Вытер руки о монашеский свой балахон, подумал — и еще о траву.
Они схоронили охотника по-настоящему, в той же яме, где он лежал. В овраге зарыли чужого солдата.
— Надо и пояс теперь уничтожить, — сказал Лиани. — Огонь возьмет его? Чтобы не оставить в горах злобного призрака? Что ты молчишь?
— Жалко, — признался брат Унно. — Оно и понятно, что ему самому теперь никуда, разве что полюбоваться, как сгинет враг, и то — ничего он в монастыре не увидит. Все равно жаль, столько с ним вместе довелось провести.
— А не надо было пытаться ручную зверушку из нежити сделать, — холодно ответил молодой человек. — Думаешь, он нам еще способен помочь на обратном пути?
— Мог бы. Но не станет, — вздохнул монах. — Та помощь последней каплей была, теперь если и выйдет наружу, лишь убивать, и нашими скромными силами не совладать с ним.

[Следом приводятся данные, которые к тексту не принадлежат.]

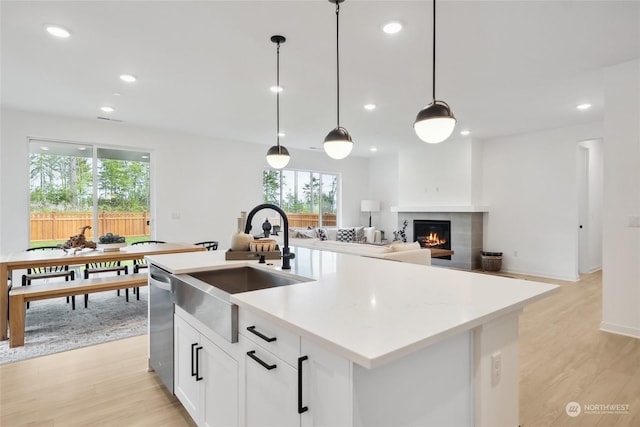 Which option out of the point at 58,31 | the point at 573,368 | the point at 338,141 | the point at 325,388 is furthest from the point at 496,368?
the point at 58,31

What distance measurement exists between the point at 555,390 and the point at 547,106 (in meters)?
3.90

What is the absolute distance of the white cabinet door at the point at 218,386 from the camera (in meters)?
1.43

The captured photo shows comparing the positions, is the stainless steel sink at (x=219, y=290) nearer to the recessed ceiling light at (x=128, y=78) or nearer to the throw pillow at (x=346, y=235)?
the recessed ceiling light at (x=128, y=78)

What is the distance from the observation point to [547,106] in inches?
185

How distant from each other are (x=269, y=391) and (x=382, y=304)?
0.50 m

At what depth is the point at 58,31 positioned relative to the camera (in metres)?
2.69

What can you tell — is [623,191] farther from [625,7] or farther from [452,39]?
[452,39]

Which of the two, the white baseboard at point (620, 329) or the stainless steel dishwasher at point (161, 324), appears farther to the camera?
the white baseboard at point (620, 329)

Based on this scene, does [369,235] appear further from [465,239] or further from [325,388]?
[325,388]

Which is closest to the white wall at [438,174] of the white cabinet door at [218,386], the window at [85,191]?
the window at [85,191]

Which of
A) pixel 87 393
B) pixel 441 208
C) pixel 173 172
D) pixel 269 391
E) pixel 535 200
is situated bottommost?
pixel 87 393

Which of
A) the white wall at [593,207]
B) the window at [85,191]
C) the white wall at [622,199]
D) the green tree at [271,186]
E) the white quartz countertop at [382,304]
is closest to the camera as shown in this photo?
the white quartz countertop at [382,304]

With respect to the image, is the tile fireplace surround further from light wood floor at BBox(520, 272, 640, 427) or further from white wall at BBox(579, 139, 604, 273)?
light wood floor at BBox(520, 272, 640, 427)

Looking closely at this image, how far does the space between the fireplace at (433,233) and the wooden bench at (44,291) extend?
18.6ft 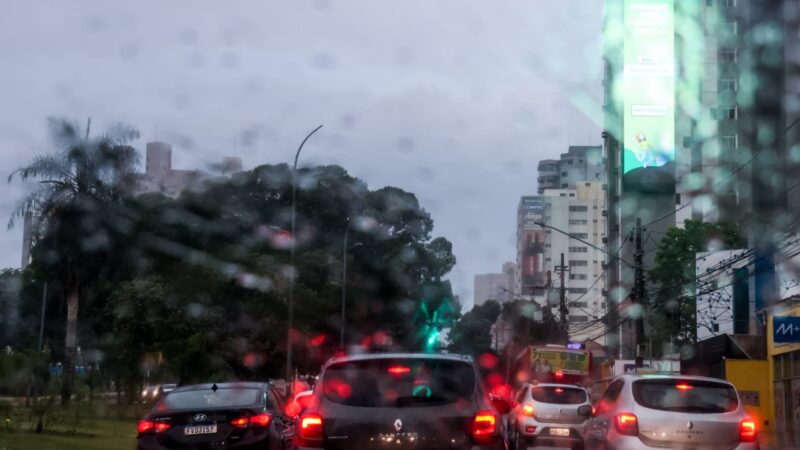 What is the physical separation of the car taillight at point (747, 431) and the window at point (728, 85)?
72.9 m

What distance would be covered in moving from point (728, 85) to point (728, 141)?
→ 466 centimetres

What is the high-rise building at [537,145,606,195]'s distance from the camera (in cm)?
16338

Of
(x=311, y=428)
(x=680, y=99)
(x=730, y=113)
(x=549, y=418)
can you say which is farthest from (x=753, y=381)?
(x=730, y=113)

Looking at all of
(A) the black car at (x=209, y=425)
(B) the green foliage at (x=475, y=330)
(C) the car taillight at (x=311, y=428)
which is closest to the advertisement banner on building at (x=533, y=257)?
(B) the green foliage at (x=475, y=330)

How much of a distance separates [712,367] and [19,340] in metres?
40.7

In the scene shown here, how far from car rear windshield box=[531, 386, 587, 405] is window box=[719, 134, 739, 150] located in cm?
6086

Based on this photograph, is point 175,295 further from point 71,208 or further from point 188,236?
point 188,236

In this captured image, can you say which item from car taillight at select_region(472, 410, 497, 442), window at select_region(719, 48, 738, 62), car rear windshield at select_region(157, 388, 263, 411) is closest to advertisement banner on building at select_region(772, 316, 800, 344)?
car rear windshield at select_region(157, 388, 263, 411)

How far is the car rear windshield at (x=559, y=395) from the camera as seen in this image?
21.3 m

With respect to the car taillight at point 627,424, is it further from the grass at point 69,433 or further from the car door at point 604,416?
the grass at point 69,433

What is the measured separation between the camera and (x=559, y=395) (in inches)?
843

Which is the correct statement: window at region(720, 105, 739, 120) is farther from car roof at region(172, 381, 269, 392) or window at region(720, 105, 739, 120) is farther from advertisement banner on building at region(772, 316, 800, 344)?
car roof at region(172, 381, 269, 392)

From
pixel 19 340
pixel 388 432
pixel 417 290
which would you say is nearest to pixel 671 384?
pixel 388 432

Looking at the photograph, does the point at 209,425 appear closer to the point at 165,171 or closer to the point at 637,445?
the point at 637,445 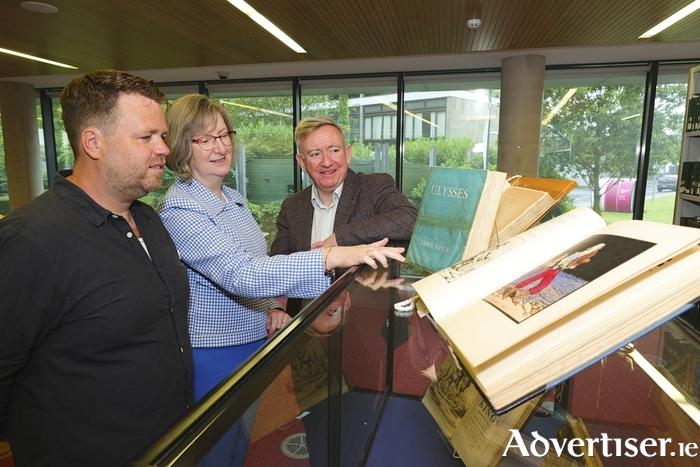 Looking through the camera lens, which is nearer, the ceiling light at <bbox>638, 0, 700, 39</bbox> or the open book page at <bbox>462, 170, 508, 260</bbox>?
the open book page at <bbox>462, 170, 508, 260</bbox>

— Тогда и тянуть нечего, — Лиани взял — почти выхватил пояс из рук монаха, шагнул к костру, и остановился. Держал на весу не как вещь — а словно разбудить или потревожить боялся. Медленно, словно желая запомнить, провел пальцем по чеканке на пряжке, и положил на жаркие угли; чуть зашипел ремень, начал темнеть. Брат Унно дернулся было — выхватить вещь из огня, но только рукой махнул, и отошел, понурясь.
А Лиани долго смотрел в костер, пока не прогорел сам пояс. Пряжка осталась, лишь потемнела.

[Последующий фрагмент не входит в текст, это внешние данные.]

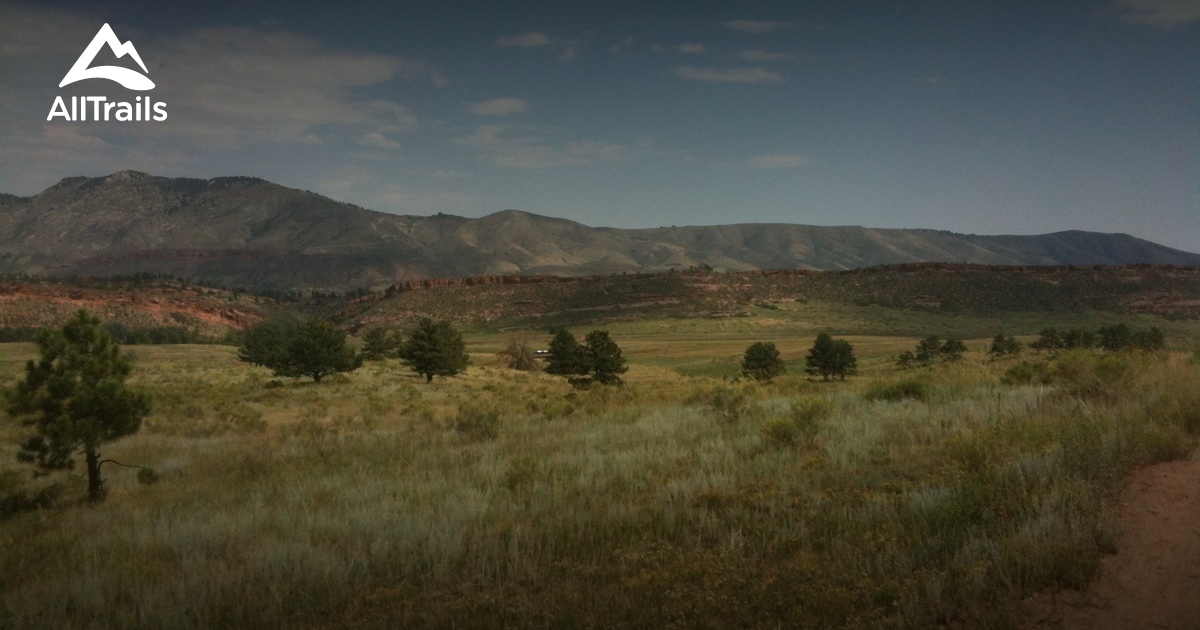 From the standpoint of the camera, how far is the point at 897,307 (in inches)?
4407

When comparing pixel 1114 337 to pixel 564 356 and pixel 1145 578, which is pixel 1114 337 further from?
pixel 1145 578

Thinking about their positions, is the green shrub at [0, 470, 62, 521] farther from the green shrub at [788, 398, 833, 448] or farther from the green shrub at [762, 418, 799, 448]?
the green shrub at [788, 398, 833, 448]

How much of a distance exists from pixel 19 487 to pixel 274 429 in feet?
26.8

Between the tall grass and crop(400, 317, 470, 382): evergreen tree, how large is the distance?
3017 centimetres

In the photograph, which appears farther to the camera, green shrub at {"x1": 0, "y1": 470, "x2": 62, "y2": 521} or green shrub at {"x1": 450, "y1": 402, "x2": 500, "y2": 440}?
green shrub at {"x1": 450, "y1": 402, "x2": 500, "y2": 440}

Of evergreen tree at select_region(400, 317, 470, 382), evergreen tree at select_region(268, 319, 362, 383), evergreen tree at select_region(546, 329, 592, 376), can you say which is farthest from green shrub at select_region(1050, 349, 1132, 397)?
evergreen tree at select_region(400, 317, 470, 382)

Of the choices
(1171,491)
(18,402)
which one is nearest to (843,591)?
(1171,491)

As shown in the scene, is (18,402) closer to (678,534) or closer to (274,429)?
(274,429)

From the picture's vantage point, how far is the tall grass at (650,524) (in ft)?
16.1

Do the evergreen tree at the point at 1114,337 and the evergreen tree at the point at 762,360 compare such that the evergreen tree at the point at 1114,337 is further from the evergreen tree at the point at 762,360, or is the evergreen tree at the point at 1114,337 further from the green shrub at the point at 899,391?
the green shrub at the point at 899,391

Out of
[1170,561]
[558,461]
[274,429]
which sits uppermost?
[1170,561]

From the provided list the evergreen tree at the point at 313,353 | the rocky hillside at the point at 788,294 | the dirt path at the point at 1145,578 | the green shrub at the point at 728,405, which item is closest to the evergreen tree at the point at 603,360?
the evergreen tree at the point at 313,353

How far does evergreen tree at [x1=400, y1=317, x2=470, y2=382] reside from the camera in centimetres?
4241

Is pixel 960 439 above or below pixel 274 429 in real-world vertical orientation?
above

Лиани вдруг склонил голову и спрятал лицо в ладонях.
— Эй, что стряслось? — испугался монах?
Тот лишь плечом повел, словно весь ответ содержался в этом. Брат Унно подошел к костру, пошевелил угли палкой, подцепил и достал пряжку. Вздохнув, повертел в руке:
— Взял бы на память... но как-то неправильно это.

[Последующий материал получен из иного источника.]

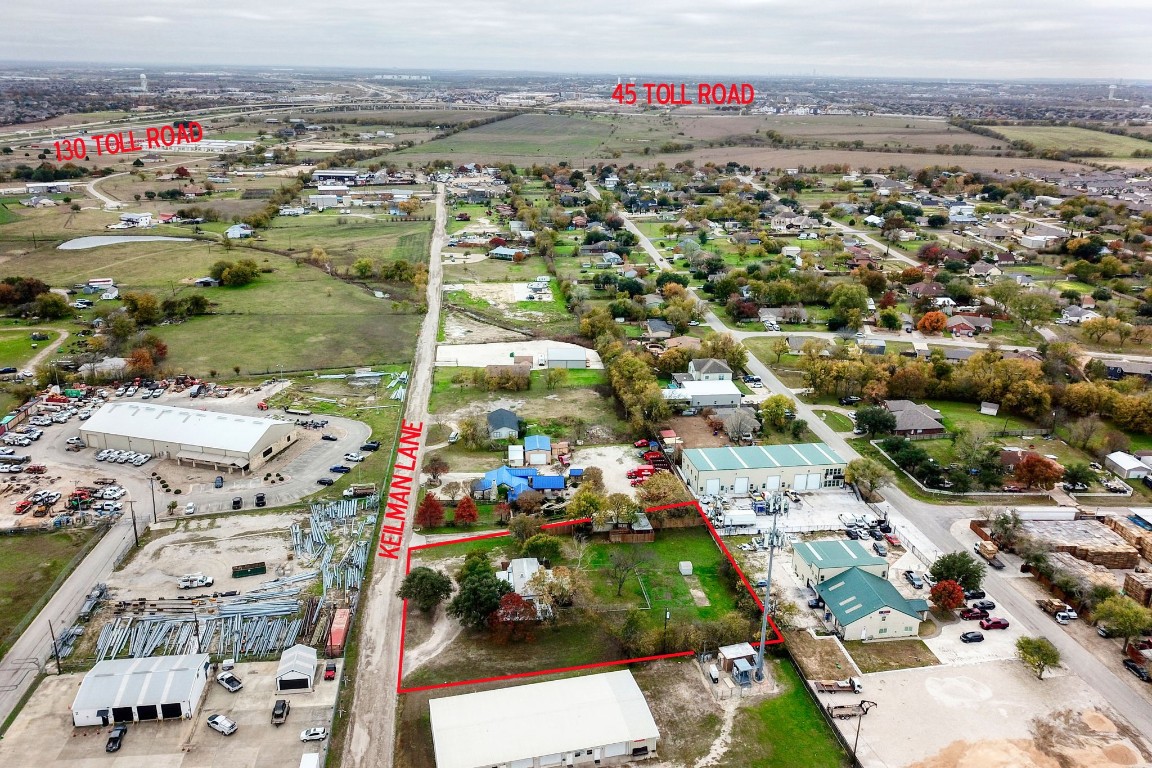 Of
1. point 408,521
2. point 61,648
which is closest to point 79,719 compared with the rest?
point 61,648

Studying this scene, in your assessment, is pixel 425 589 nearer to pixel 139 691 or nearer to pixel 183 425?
pixel 139 691

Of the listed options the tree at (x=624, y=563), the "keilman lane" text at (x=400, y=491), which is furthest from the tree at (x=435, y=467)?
the tree at (x=624, y=563)

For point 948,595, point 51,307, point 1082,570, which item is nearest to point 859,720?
point 948,595

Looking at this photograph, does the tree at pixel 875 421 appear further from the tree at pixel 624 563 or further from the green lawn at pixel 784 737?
the green lawn at pixel 784 737

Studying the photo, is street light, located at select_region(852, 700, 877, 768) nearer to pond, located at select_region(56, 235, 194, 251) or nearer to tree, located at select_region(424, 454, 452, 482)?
tree, located at select_region(424, 454, 452, 482)

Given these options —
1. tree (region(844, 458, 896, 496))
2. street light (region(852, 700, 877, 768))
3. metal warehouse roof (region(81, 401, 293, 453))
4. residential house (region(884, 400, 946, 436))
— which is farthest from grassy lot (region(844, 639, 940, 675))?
metal warehouse roof (region(81, 401, 293, 453))

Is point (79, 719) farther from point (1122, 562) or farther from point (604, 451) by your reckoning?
point (1122, 562) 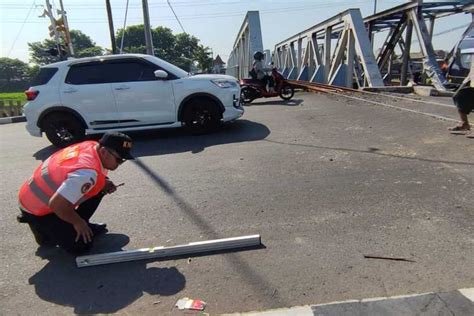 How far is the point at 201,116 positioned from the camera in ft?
27.5

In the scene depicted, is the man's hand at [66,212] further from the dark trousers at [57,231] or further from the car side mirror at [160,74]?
the car side mirror at [160,74]

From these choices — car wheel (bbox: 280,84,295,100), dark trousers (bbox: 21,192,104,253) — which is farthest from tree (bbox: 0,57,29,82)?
dark trousers (bbox: 21,192,104,253)

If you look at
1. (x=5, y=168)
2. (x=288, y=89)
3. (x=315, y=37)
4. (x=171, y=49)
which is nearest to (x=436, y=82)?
(x=288, y=89)

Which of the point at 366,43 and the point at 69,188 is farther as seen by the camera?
the point at 366,43

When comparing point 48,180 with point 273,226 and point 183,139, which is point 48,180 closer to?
point 273,226

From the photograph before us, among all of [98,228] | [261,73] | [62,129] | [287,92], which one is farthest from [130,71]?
[287,92]

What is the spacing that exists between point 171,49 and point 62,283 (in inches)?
4050

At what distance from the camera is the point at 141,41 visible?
99.7 meters

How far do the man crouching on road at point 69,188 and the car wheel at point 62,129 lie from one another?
16.5 feet

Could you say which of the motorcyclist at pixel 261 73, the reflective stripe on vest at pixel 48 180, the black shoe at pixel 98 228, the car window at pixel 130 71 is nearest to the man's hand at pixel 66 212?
the reflective stripe on vest at pixel 48 180

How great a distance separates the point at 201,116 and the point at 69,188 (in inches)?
212

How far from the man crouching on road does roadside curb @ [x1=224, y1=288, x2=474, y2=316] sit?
60.1 inches

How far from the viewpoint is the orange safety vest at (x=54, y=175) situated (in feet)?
10.7

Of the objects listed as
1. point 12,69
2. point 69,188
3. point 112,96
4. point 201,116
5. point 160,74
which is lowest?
point 201,116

И зарыл пряжку под корнем, той же палкой выкопав ямку. Младший спутник, так и не сойдя с места, следил за ним, и вновь отвернулся.
Не меньше четверти часа прошло в молчании, а после Лиани сказал:
— Не знаю, получится ли задуманное. Но ведь кровь его добыть удалось. Теперь ты, я надеюсь, дойдешь, Небеса и Заступница тебя охранят. Я тоже попробую, если у меня еще осталась удача. Только бы все не зря....
— Тебя это тревожит?
Он не ответил.
Где-то над головой дятел выбил из ствола барабанную дробь, радостно и бездумно.
**
Наставница в мастерской любила поговорить о вещах выше человеческого понимания. И об Опорах она вспоминала не раз — особенно когда просили вышить их символ для домашнего алтаря. Редкими были такие заказы, и Нээле запомнила все, что тогда говорилось. Не думай, что мир стоит на их спинах, как на земле, говорила наставница. Они сразу всё — движение и неподвижность, потому-то и трудно уловить их облик, и вышить мы можем лишь символы или же очертания.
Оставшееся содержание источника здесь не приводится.